I love Steak

The bro got married last weekend, and himself and this missus are foodie types so the whole kit and kaboodle camped out in celebychef Kevin Dundons gaff down wexford way.

I’m a big lover of weddings, funerals and any other excuse for getting all pissed up on booze while in a suit, and this was no exception to that rule.
But it’s the food bit that has me posting. Kevo, because we’re mates now, oh the craic me and Dundo, as I do sometimes call him, have when we are on the tear, sure its mighty. Anyway we’re like this (does something disturbing with index and middle fingers) since I was round his gaff and all, and Kevo is reputedly a michelin star chef, although I can’t find any direct mention of this on the net, but he’s definitely in there or up there someplace in the highest echelons of cheffery.
I had steak, I’m cutting directly to the mains here cos that’s kind of tough frontiersman John Wayne type that I am. So, the filet steak, marvellous  job there Dundo, it was exactly as a steak should be; about the size and shape of a fist, lovely pink all the way through, a carnivorous dream.

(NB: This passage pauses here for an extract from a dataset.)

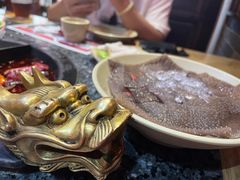 -蜀大侠火锅(森兰花园城店)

I had Venison the next night cos I’m also a woodsman hunter type and its good to keep some survivalist flavour, keeps me on my toes in case of apocalypse. Also I like to pretend I’m Robin Hood, Errol flynn era, with lots of bread and no cutlery. That approach does not always go down well at weddings as some folk lack imagination, especially older folk who almost never  get into the mutton-leg waving food-spitting vibe with the hearty laughter and the wench raping and all.
And the venison was great too.

But see, here’s the rub; two courses in Dundos gaff is €56. In my experience thats on the high side, unless one of those courses is cocaine or dinosaur eggs.
And although all the food was bang on, I know I’ve had pretty much just as good elsewhere, and at half the price. Its all a bit of a bluff really, food only gets so good, its diminishing returns after a point.

My mate Clumsey Bear once worked as a steak Chef in a Sidney shithole called Filthy MacFaddens or something, and turned out lovely steaks despite his handicap. Steaks are probably his one and only talent, other than knocking things over.
I once got a steak in averagy nice place in Prague that was every bit a good as Dundos, and it cant have put me back more than a handful of clams.

When folk are into something they just want to spend money on it. I do it myself, I’m a terrible hoor for big speakers, fancy boxing gloves I don’t really need and rare records I can’t afford.
The foodies can keep their elite food, its’ for them anyway. And although my presence brings a touch of class to even the classiest joint, they don’t really need my lack of enthusiasm.
For my part, I like the grub but would prefer not to be walking out of there with a sore arse, if you take my meaning.